Would you retype, word for word, the line with "Buddha Stones Winter" and each line after it to the end of the entries below, leaving the pictures out?
**** Excerpted records ****
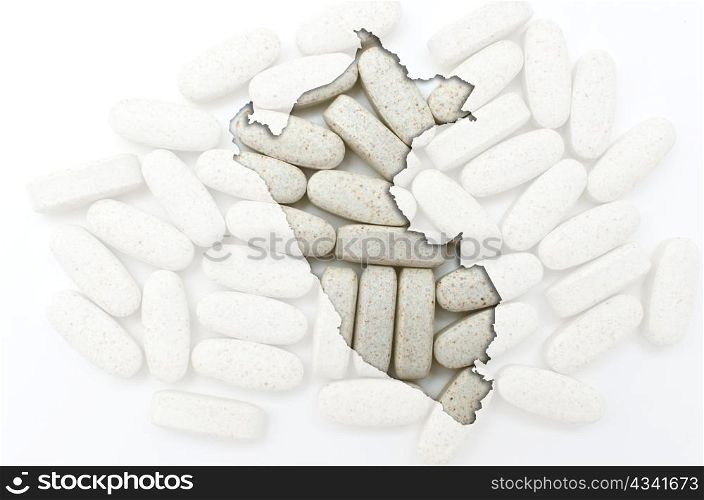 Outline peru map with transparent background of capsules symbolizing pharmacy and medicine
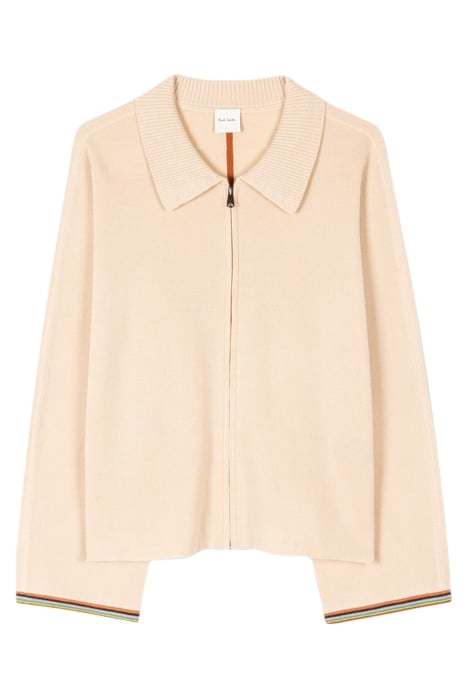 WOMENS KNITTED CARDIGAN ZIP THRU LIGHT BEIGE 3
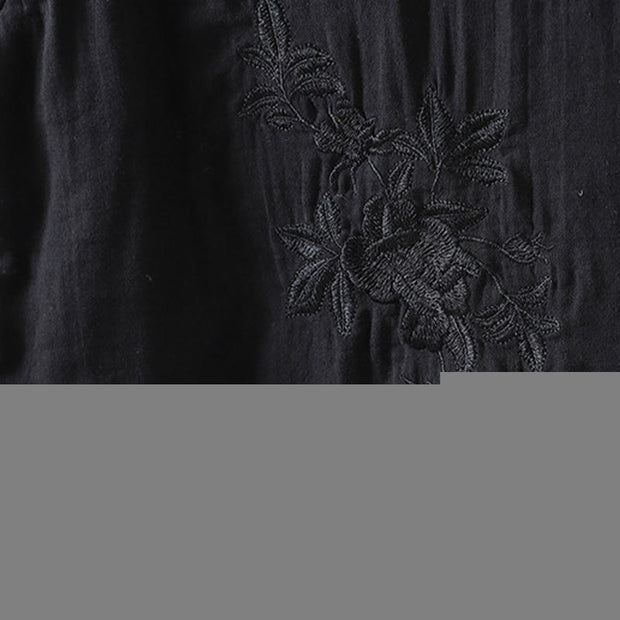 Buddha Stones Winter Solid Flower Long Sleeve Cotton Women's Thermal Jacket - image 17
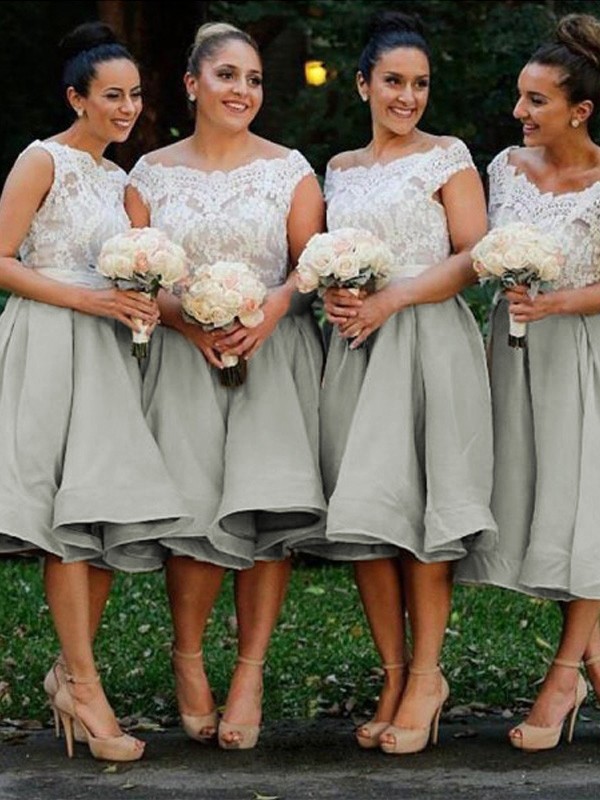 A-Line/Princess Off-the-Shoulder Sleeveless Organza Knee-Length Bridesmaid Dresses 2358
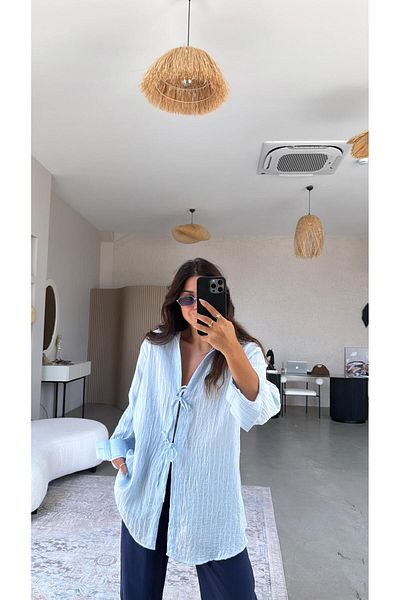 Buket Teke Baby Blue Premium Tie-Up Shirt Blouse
****
Result of the task:
 Buddha Stones Winter Solid Flower Long Sleeve Cotton Women's Thermal Jacket - image 17
 A-Line/Princess Off-the-Shoulder Sleeveless Organza Knee-Length Bridesmaid Dresses 2358
 Buket Teke Baby Blue Premium Tie-Up Shirt Blouse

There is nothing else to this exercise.